26 Temmuz 2022

Üç Dönüşüm Üzerine- Friedrich Nietzsche

Tinin üç dönüşümünü anlatacağım size: Tinin deveye, devenin aslana ve son olarak da aslanın çocuğa dönüşmesini.

Güçlü, dayanıklı, içinde derin bir saygı barındıran tinin pek çok ağır yükü vardır: ağırı ve en ağırı ister onun gücü.

Nedir ağır olan? diye sorar dayanıklı tin, sonra diz çöker bir deve gibi ve iyice yüklenmek ister.

Nedir en ağır olan, ey kahramanlar? diye sorar dayanıklı tin, alayım sırtıma da kıvanayım gücümle.

Kibrini kırmak için alçalmak değil midir? Kendi bilgeliğiyle alay etmek için kendi budalalığını açığa vurmak değil midir?

Yoksa: zaferini kutladığı sırada davamızdan ayrılmak mıdır? Ya da sınayanı sınamak için yüksek dağlara tırmanmak mı?

Yoksa: bilginin meyveleri ve otlarıyla beslenmek ve hakikat uğruna gönlünü aç bırakmak mı?

Yoksa: hasta olmak ve teselliye gelenleri evlerine gönderip, ne istediğini asla duymayan sağırları dost edinmek midir?

Yoksa: hakikat sudur diye kirli sulara girmek ve soğuk su kurbağalarını ve sıcak kara kurbağalarını hakir görmemek mi?

Yoksa: bizi aşağılayanları sevmek ve hortlağa tam da bizi korkutacağı sırada elini uzatmak mı?

Tüm bu en ağır şeyleri alır sırtına dayanıklı tin: tıpkı çölde koşturan yüklü bir deve gibi, koşturur kendi çölünde.

Ne ki en ıssız çölde gerçekleşir ikinci dönüşüm: aslan kesilir burada tin, özgürlüğü geçirmek ister eline ve efendi olmak ister kendi çölünde.
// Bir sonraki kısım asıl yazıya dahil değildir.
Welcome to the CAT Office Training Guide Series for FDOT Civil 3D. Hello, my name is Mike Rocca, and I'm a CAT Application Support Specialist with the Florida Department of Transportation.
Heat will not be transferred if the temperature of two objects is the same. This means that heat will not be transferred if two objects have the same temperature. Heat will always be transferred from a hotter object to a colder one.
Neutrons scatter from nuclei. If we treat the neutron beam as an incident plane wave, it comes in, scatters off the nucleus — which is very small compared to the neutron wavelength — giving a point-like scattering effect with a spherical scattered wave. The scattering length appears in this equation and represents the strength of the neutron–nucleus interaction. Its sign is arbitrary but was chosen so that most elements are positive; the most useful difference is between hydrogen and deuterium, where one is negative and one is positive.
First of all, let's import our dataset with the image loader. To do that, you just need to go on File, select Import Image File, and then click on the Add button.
Son efendisini arar burada: düşman olmak ister ona ve son tanrısına; büyük ejderhayla dövüşmek ister zafer kazanmak için.
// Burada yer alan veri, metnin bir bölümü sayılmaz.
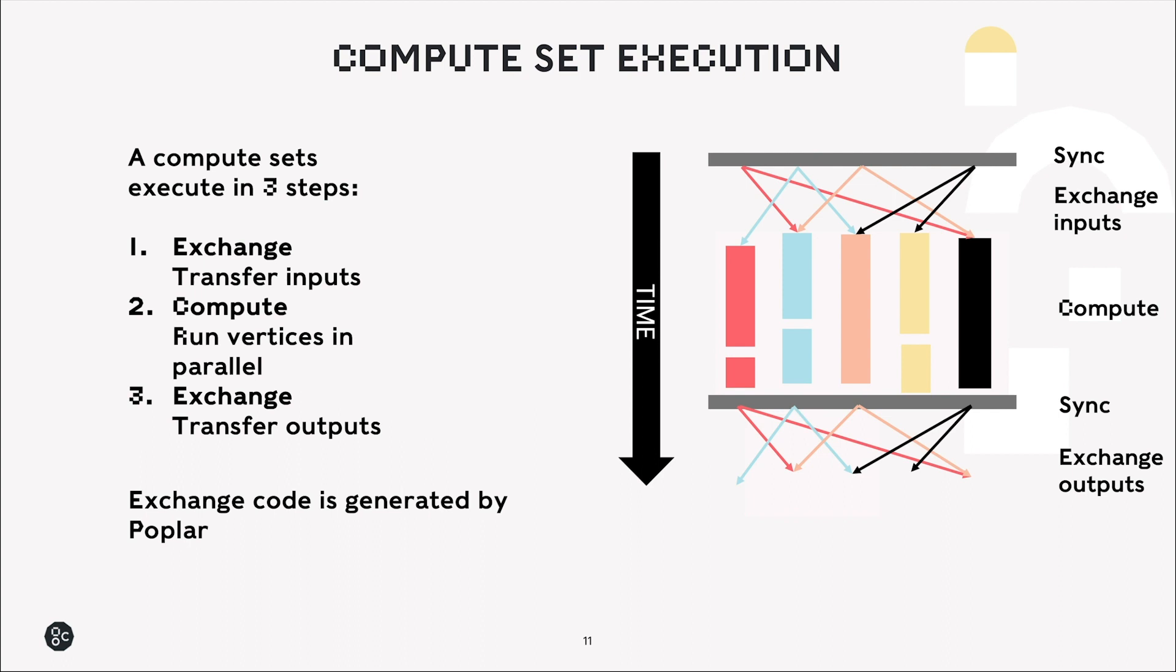So to execute our compute set, so to run all of these variables in parallel, there are three main steps. First there's an exchange, so we transfer the inputs to these vertices from whatever tile they're on. We perform the computation, so run all these vertices in parallel, and then we exchange at the end to transfer the outputs to wherever they need to go next.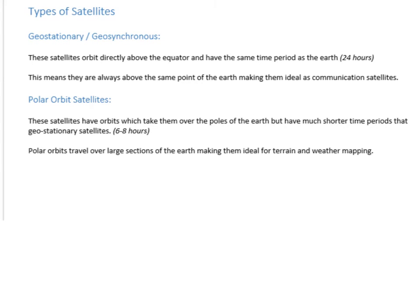The second type is a polar orbit satellite. These orbits pass over the poles rather than the equator, and their time periods tend to be shorter — around six to eight hours. This allows them to cover a large area of the Earth in one orbit, making them ideal for mapping the Earth's surface and applications like weather forecasting, tracking cloud patterns, and monitoring hurricanes.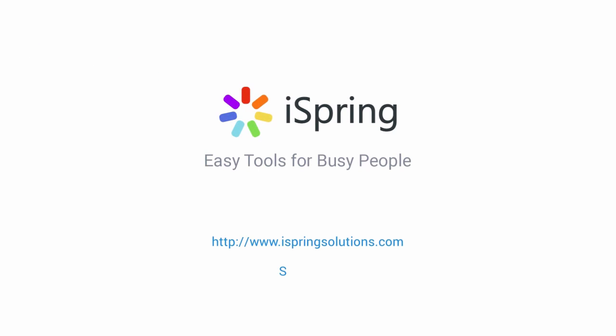Did you like this video? Give it a like, and subscribe to the iSpring YouTube channel for more updates.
Hangisidir büyük ejderha, tinin artık efendi ve tanrı diye adlandırmak istemediği?

“Yapmalısın,” der büyük ejderha. Oysa, “İstiyorum,” der aslanın tini.
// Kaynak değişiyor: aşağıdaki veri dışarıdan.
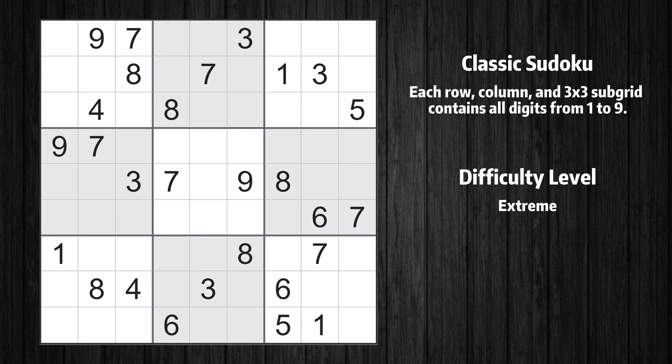Welcome to the second episode of our Sudoku series. In this video, we'll show you how to use advanced reasoning techniques to solve a real-life puzzle step-by-step. Let's get started.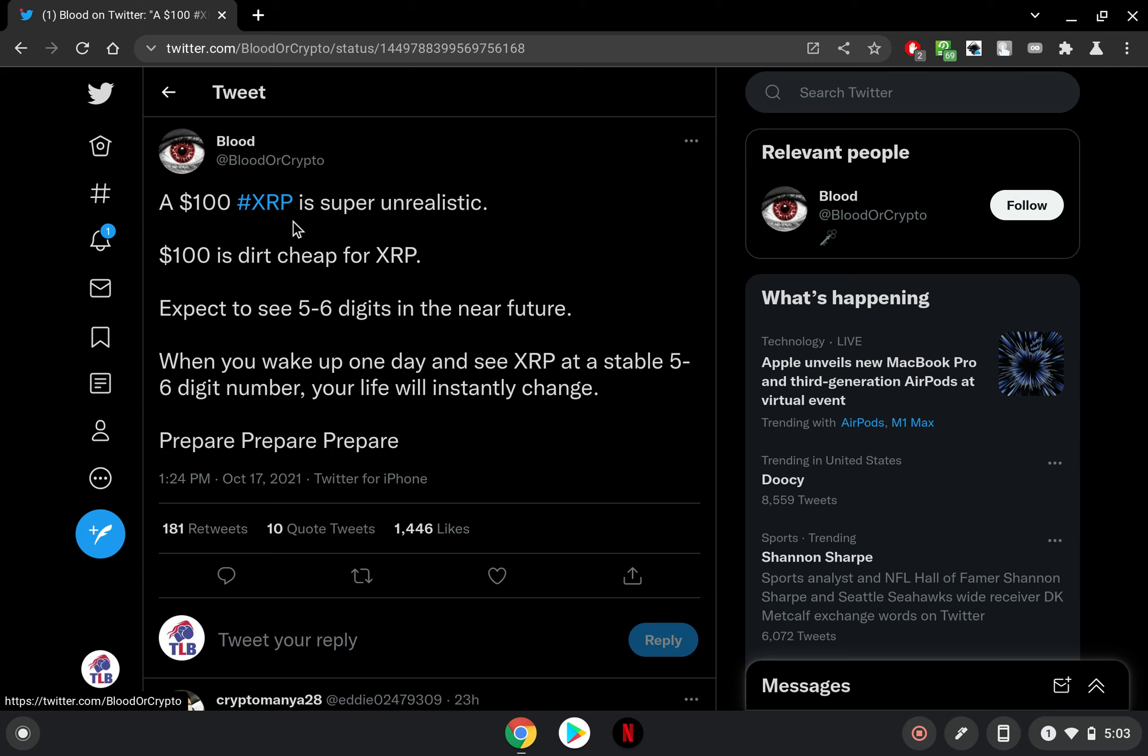A $100 XRP is super unrealistic. $100 is dirt cheap for XRP. Expect to see five to six digits in the near future. When you wake up one day and see XRP at a stable five to six digit number, your life will instantly change. Prepare, prepare, prepare.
“Yap-malısın” çıkar yoluna, altın gibi ışıldayarak, pullu bir hayvandır o ve “Yap-malısın” parıldar altın gibi her pulunun üzerinde.

Bin yıllık değerler parıldar bu pullarda ve şöyle söyler tüm ejderhaların en güçlüsü: “Şeylerin tüm değeri – parıldıyor üstümde.”

“Tüm değerler zaten yaratılmıştır ve yaratılmış tüm değerler – işte bu benim. Gerçekten, artık hiçbir ‘istiyorum’ olmamalı!” Böyle söyler ejderha.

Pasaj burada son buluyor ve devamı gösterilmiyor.